• **Provided data**:
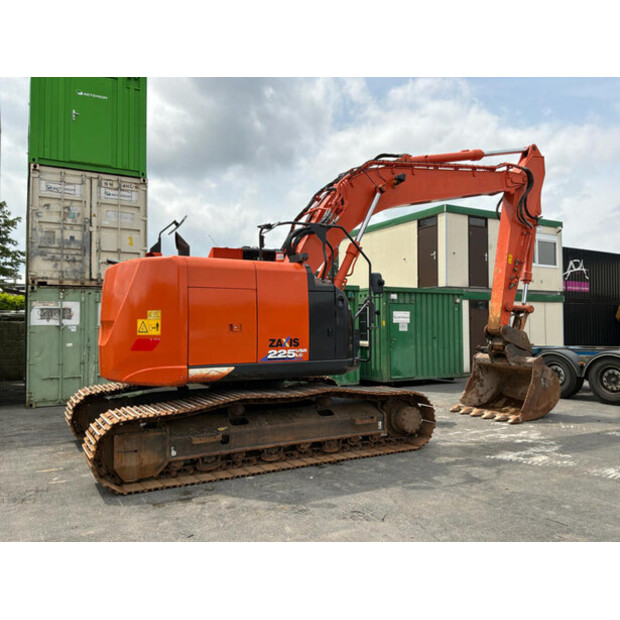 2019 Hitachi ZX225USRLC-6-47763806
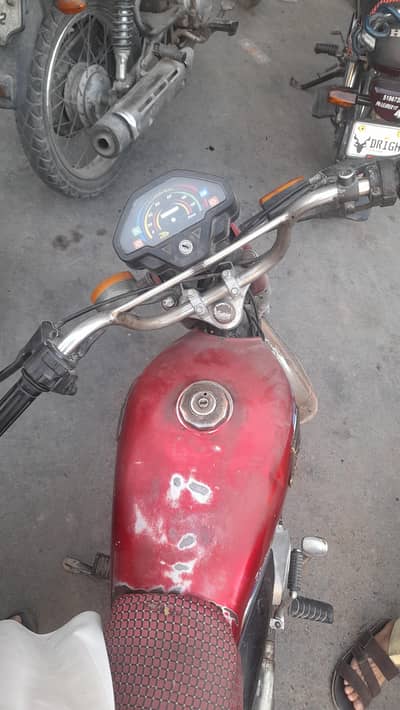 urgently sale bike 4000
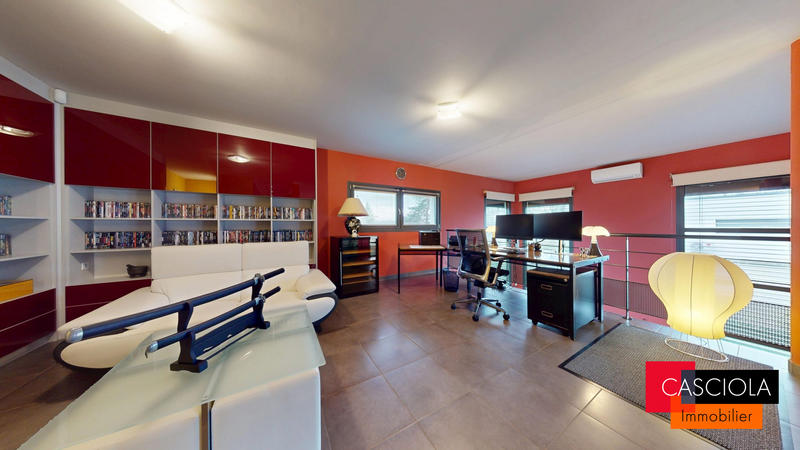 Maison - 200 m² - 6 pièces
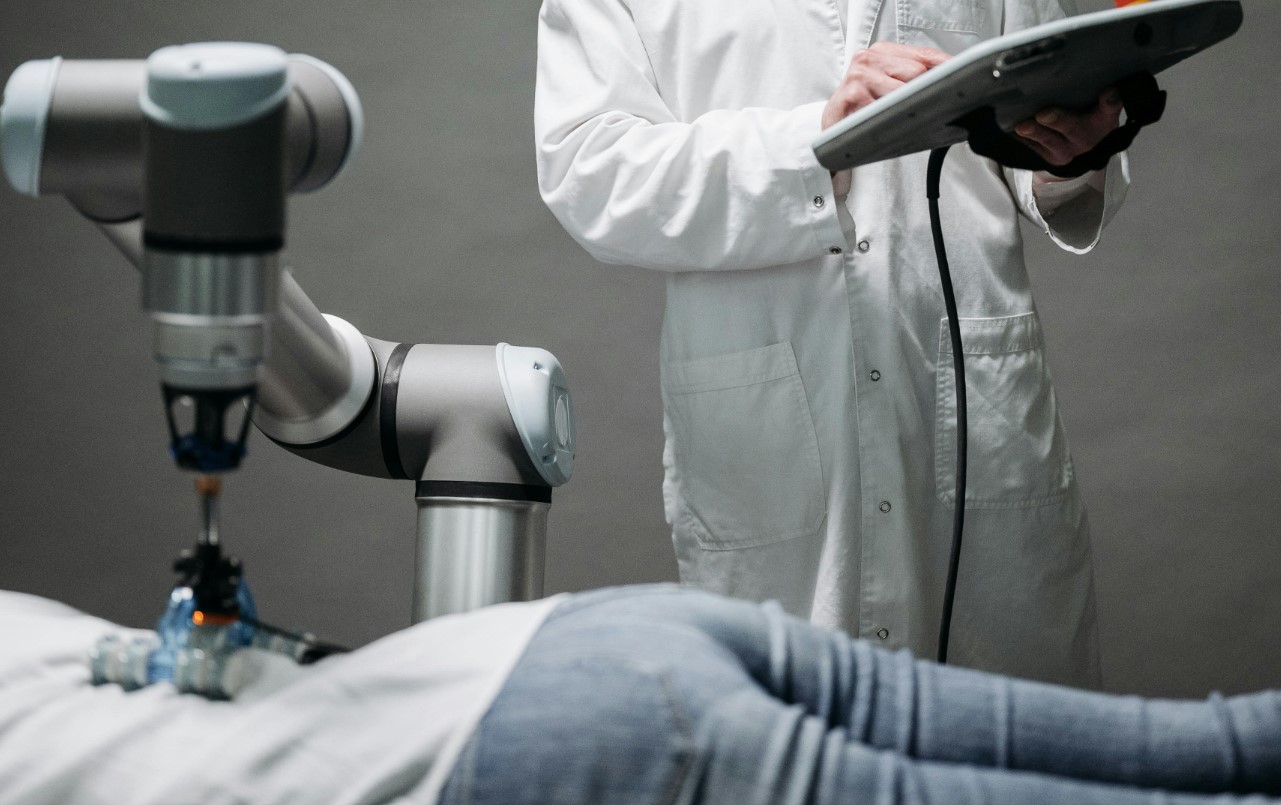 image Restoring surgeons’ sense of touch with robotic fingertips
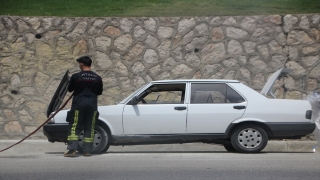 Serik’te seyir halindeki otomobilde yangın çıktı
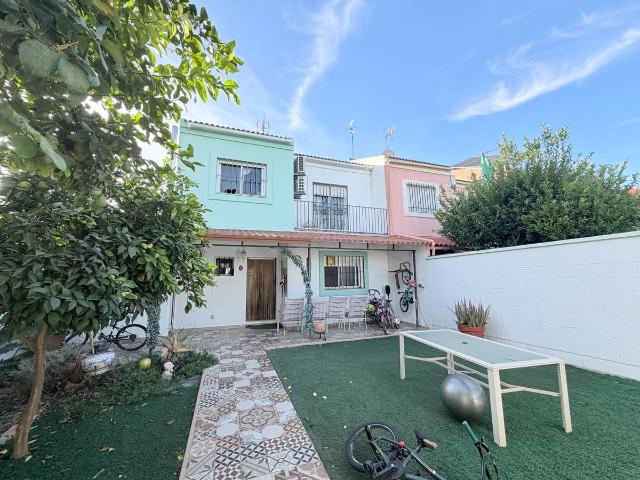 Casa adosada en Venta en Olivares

...

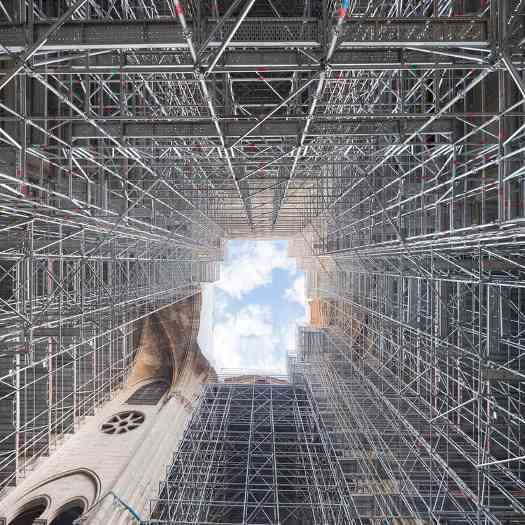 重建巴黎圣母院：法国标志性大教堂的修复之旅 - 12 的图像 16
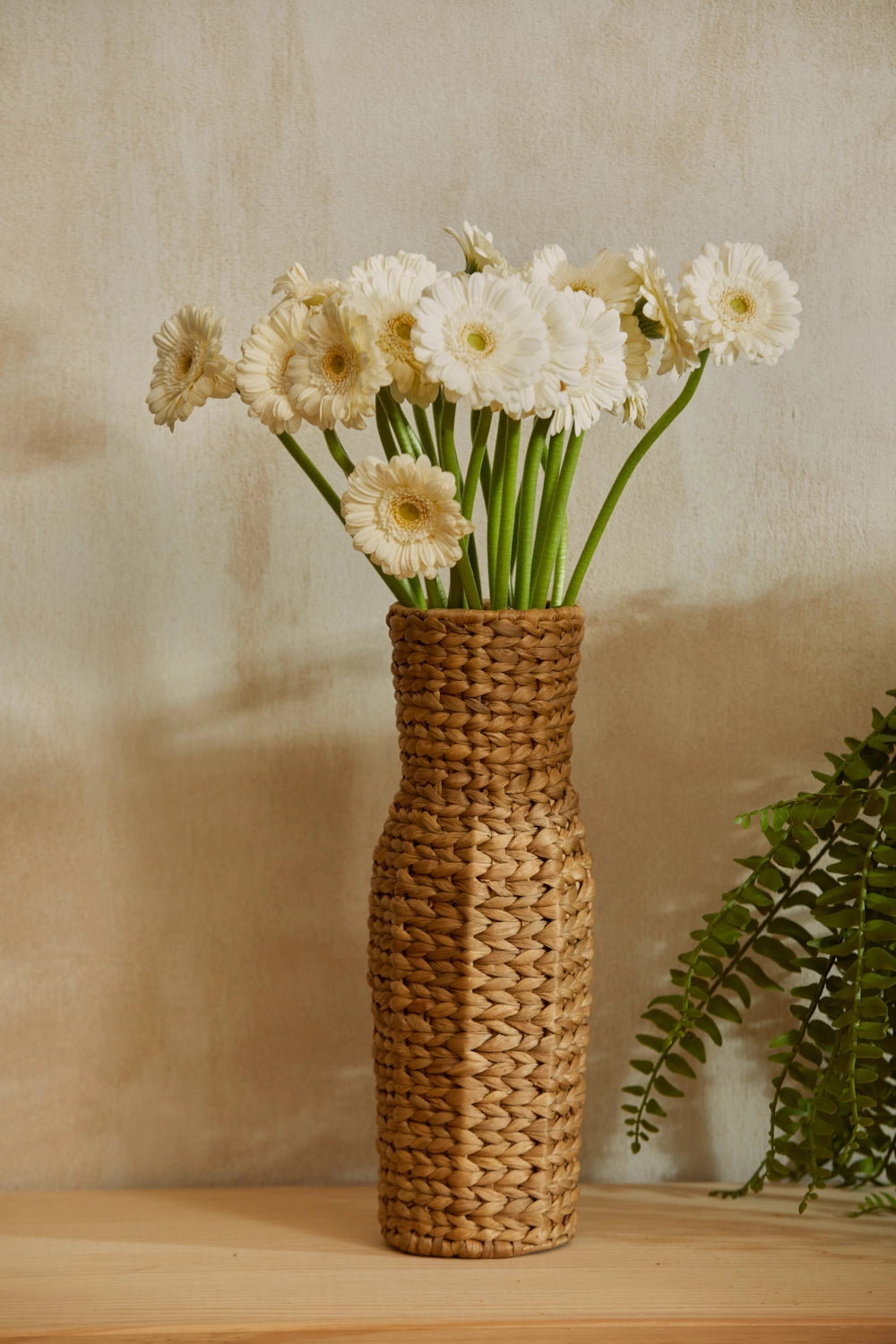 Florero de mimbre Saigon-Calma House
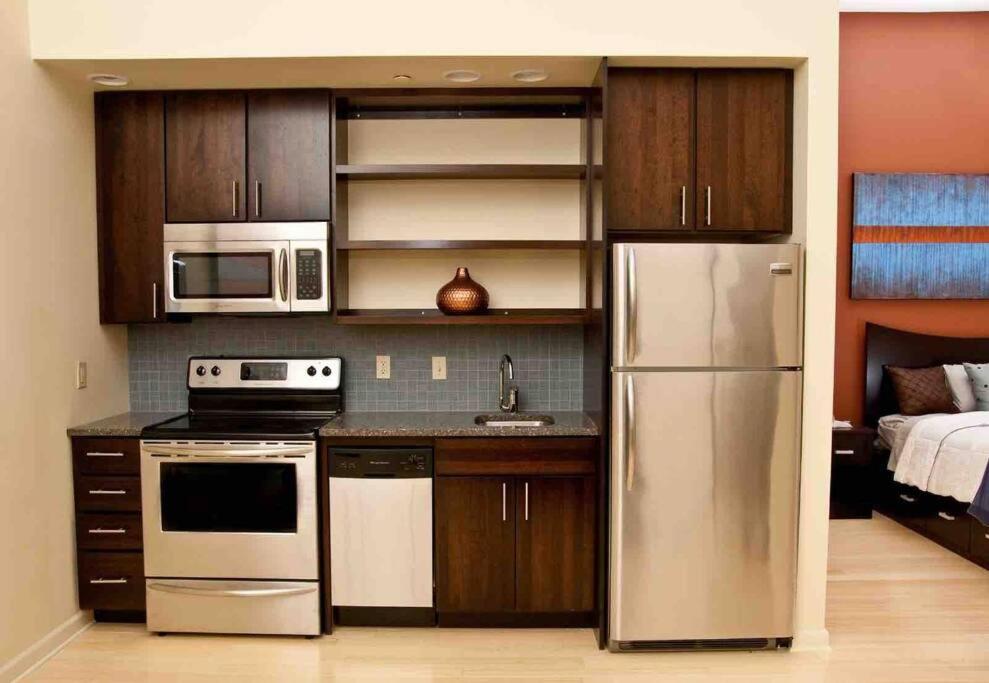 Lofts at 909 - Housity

• **Exercise prompt**: Please output the lines above beginning at the line with "urgently sale bike 4000" and ending after the line with "Casa adosada en Venta en Olivares", precisely as written and with no pictures.

• **Output of the task**:
 urgently sale bike 4000
 Maison - 200 m² - 6 pièces
 image Restoring surgeons’ sense of touch with robotic fingertips
 Serik’te seyir halindeki otomobilde yangın çıktı
 Casa adosada en Venta en Olivares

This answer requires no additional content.